Vers l’ouverture d’une ambassade des Comores à Rabat
Le ministre comorien met sur la table le dossier de l’ouverture d’une ambassade des Comores à Rabat, dont le bâtiment est déjà prêt. « Oui bien sûr, vous pouvez entamer le processus de sélection de votre ambassadeur pour que nous le recevions rapidement, » répond Bourita.
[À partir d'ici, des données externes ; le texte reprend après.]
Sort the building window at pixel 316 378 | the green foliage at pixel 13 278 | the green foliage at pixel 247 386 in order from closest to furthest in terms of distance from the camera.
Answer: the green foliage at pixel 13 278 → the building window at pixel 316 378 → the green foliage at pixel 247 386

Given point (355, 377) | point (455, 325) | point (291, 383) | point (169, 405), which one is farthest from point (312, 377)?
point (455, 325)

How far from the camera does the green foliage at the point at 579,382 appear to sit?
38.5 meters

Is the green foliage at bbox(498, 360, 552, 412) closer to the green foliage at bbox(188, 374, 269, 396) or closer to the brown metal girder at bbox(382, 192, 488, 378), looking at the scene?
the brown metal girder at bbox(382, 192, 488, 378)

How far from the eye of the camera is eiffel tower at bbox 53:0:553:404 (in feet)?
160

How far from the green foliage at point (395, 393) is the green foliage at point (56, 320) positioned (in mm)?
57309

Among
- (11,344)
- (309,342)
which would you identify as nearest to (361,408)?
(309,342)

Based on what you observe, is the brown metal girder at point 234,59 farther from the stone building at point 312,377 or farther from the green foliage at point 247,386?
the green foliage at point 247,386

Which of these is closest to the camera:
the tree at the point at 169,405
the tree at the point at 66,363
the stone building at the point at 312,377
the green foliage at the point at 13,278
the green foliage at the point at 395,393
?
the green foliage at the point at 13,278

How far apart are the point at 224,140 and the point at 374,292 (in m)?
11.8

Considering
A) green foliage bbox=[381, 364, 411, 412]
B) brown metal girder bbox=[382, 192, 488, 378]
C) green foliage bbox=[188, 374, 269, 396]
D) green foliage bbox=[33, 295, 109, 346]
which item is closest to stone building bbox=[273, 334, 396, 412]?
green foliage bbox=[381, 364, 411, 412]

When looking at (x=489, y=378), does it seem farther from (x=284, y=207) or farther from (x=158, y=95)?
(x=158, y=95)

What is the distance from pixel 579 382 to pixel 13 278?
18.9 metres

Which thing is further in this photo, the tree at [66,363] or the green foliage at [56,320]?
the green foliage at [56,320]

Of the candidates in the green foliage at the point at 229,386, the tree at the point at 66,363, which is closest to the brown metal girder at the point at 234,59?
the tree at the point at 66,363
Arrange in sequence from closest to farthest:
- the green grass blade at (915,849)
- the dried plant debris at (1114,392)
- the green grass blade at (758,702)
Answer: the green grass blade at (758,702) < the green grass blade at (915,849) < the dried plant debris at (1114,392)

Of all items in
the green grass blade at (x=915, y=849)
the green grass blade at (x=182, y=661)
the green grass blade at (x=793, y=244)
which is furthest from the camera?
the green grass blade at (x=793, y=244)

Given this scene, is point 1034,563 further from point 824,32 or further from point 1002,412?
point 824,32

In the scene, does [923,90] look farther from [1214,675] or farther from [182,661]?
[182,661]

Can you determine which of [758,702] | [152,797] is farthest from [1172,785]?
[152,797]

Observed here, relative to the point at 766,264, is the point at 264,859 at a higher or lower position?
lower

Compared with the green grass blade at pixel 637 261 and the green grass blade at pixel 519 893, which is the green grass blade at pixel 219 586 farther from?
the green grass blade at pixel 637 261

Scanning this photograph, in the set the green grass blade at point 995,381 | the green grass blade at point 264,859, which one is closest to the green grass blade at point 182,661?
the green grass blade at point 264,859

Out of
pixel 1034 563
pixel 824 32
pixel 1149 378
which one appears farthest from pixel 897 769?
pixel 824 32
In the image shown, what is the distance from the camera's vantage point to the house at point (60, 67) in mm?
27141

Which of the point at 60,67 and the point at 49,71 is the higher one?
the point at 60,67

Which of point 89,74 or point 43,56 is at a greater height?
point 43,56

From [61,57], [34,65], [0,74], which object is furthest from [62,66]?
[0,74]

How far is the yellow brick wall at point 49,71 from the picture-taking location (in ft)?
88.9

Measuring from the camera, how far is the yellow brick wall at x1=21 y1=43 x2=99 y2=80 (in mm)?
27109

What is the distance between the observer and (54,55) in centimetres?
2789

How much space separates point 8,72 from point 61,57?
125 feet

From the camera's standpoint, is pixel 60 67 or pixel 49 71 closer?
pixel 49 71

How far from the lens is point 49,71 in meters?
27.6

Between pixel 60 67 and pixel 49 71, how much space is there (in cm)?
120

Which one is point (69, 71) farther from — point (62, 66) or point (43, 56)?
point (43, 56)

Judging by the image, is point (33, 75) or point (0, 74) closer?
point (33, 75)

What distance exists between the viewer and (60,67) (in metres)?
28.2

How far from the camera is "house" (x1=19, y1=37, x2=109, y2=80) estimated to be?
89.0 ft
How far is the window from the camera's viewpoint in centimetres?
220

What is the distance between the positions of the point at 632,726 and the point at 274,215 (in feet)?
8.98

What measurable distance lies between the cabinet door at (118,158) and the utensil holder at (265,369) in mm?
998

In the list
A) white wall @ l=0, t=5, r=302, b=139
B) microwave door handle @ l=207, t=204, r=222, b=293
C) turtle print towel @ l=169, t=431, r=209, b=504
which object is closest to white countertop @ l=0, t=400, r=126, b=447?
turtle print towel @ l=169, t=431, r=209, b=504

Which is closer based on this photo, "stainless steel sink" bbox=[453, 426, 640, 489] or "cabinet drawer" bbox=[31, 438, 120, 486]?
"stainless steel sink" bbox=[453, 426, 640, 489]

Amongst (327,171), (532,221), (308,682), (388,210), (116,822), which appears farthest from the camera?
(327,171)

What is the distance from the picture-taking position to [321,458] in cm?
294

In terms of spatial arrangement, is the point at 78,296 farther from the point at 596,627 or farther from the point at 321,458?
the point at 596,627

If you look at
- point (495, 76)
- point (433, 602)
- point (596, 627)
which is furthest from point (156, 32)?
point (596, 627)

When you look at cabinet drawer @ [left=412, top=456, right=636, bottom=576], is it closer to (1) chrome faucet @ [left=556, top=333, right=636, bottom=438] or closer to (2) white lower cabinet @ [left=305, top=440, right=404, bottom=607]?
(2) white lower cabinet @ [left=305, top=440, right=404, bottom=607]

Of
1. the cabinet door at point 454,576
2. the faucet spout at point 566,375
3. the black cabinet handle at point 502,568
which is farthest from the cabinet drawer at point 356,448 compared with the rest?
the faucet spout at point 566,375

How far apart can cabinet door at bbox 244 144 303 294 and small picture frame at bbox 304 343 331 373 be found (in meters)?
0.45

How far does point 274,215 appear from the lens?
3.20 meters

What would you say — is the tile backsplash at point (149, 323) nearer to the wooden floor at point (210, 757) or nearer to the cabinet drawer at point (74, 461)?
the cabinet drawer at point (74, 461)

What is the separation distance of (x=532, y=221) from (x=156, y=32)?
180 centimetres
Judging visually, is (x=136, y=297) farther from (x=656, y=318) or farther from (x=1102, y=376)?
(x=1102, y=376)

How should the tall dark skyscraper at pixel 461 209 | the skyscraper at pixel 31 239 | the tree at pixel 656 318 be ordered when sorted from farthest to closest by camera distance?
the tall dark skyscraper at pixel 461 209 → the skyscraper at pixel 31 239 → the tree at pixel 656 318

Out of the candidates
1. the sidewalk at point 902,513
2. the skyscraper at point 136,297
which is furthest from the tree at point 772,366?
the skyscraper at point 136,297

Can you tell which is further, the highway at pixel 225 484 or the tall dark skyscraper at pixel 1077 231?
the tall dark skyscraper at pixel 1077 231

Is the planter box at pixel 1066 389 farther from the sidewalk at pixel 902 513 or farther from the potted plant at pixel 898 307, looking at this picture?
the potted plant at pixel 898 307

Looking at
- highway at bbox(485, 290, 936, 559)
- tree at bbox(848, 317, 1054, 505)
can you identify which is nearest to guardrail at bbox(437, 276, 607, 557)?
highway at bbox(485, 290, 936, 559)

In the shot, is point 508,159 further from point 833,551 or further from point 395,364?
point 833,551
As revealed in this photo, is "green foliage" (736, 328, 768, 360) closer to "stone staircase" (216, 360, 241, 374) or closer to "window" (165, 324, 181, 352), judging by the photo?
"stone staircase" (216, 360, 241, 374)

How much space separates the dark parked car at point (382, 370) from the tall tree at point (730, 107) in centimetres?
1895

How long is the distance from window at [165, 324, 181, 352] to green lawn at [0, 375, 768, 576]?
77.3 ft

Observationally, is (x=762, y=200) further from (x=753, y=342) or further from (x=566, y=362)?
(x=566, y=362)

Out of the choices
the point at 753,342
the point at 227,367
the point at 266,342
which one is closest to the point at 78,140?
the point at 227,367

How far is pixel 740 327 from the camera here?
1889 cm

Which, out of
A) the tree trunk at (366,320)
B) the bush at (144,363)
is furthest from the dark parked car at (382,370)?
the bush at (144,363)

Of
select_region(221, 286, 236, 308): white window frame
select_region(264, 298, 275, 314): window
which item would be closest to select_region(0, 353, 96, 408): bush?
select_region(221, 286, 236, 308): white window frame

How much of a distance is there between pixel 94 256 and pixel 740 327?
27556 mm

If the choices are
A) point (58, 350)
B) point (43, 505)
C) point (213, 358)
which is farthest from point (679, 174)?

Alliés contre la RASD à l’UA
Puis vient le moment de détailler la stratégie du Maroc à l’Union africaine. Sans détour, Nasser Bourita explique que « l’objectif reste le même« . « La parenthèse de la cohabitation avec la RASD dans cette institution a été ouverte, mais il faut que la vérité éclate. En contactant les délégations, on se rend compte que tout le monde est gêné par cette cohabitation. C’est pour nous une période de vigilance, parce qu’il y a beaucoup de mains invisibles face à nous. Il va falloir gérer cela. On prendra des coups, on verra comment ça va évoluer, mais le Maroc ne sera pas celui qui créera les problèmes. Nous restons vigilants et nous préparons pour que l’organisation reflète les positions de ses États membres. Deux tiers d’entre eux ne reconnaissent pas la RASD, pourtant elle est là. Il faut que l’Afrique n’ait pas honte d’aller parler avec tous ses membres avec ses interlocuteurs. On aura la rencontre Japon-Afrique prochainement, et la RASD ne sera pas présente. Soit on continue avec cette schizophrénie, soit on clarifie, » expose le ministre marocain. « Nous comprenons parfaitement et nous sentons que c’est la meilleure stratégie. Nous espérons qu’une solution sera trouvée à terme, » acquiesce son homologue comorien. « Inchallah, » lui répond Bourita.
Le représentant permanent des Comores à l’Union africaine prend alors la parole : « Le problème, c’est que leurs soutiens tiennent le Conseil Paix et de sécurité. On découvre les débats aux derniers moments, car les documents ne sont pas transmis en temps et en heure« . Bourita ne semble pas surpris : « C’est pour ça qu’il va falloir qu’on travaille ensemble sur les candidatures. Il faut que nous nous coordonnions pour travailler de l’intérieur, dans les structures de la Commission et ne pas laisser une minorité faire en sorte que la majorité soit spectatrice ». Il conclut l’entretien en appelant à préserver la relation Maroc-Comores, en veillant à ne pas la « laisser en pilotage automatique« .
Le 1er juillet Nasser Bourita a eu des entretiens de même nature avec ses homologues de Zambie, de la République du Congo (Brazzavile) et de la République démocratique du Congo. Il devait rencontrer la délégation chinoise dans la soirée.